## Required work
Your answer must be the listing repeated word for word, without its pictures.

## Data extract
----

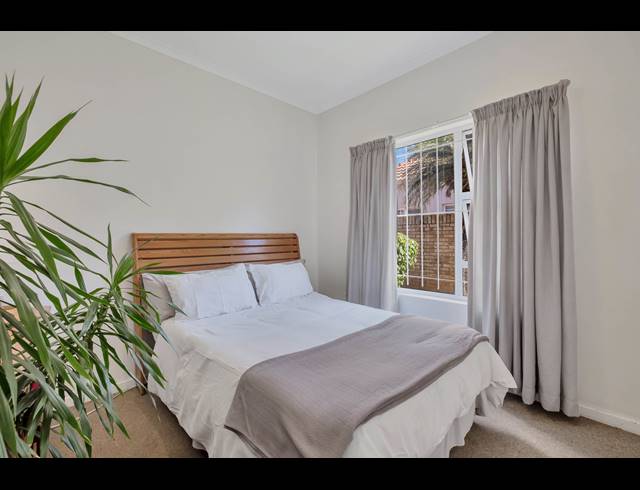 3 BEDROOM TOWNHOUSE FOR SALE IN LINDEN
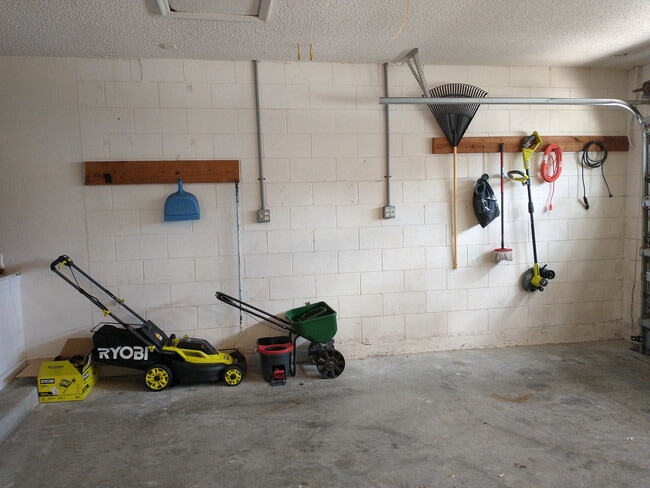 Building Photo - 8042 Tabby Ln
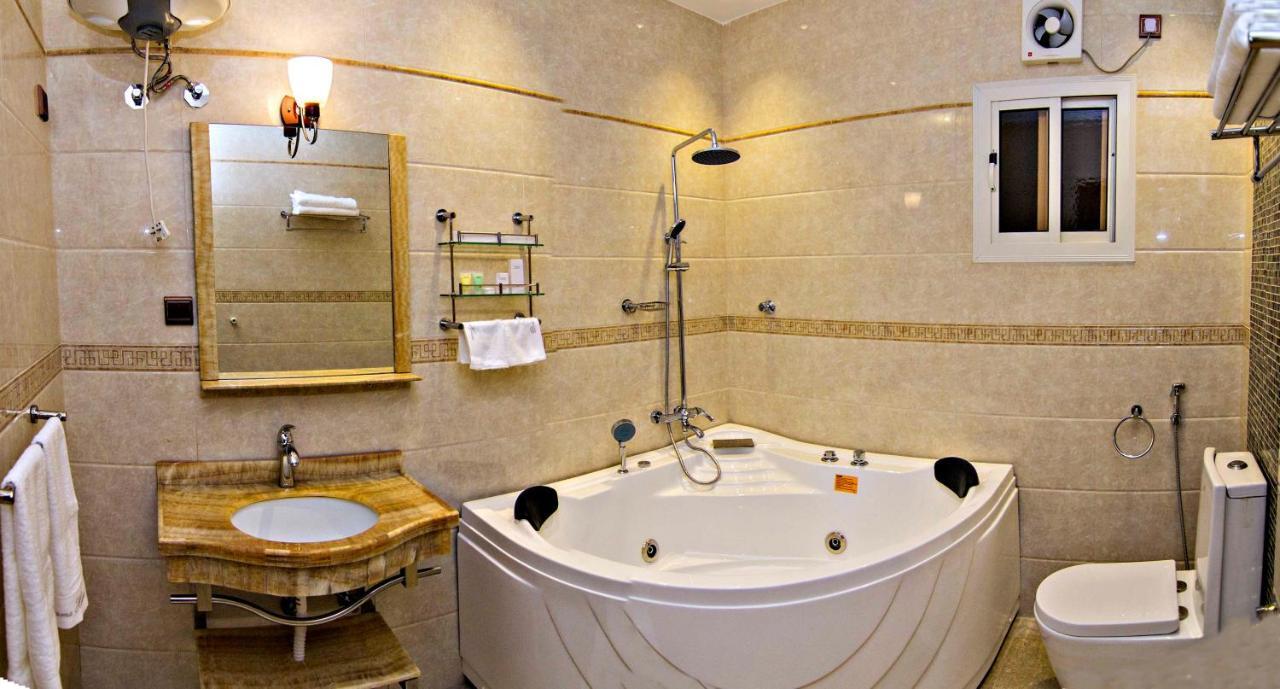 Dreams Houses Furnished Suites タブーク エクステリア 写真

----

## Exercise answer
 3 BEDROOM TOWNHOUSE FOR SALE IN LINDEN
 Building Photo - 8042 Tabby Ln
 Dreams Houses Furnished Suites タブーク エクステリア 写真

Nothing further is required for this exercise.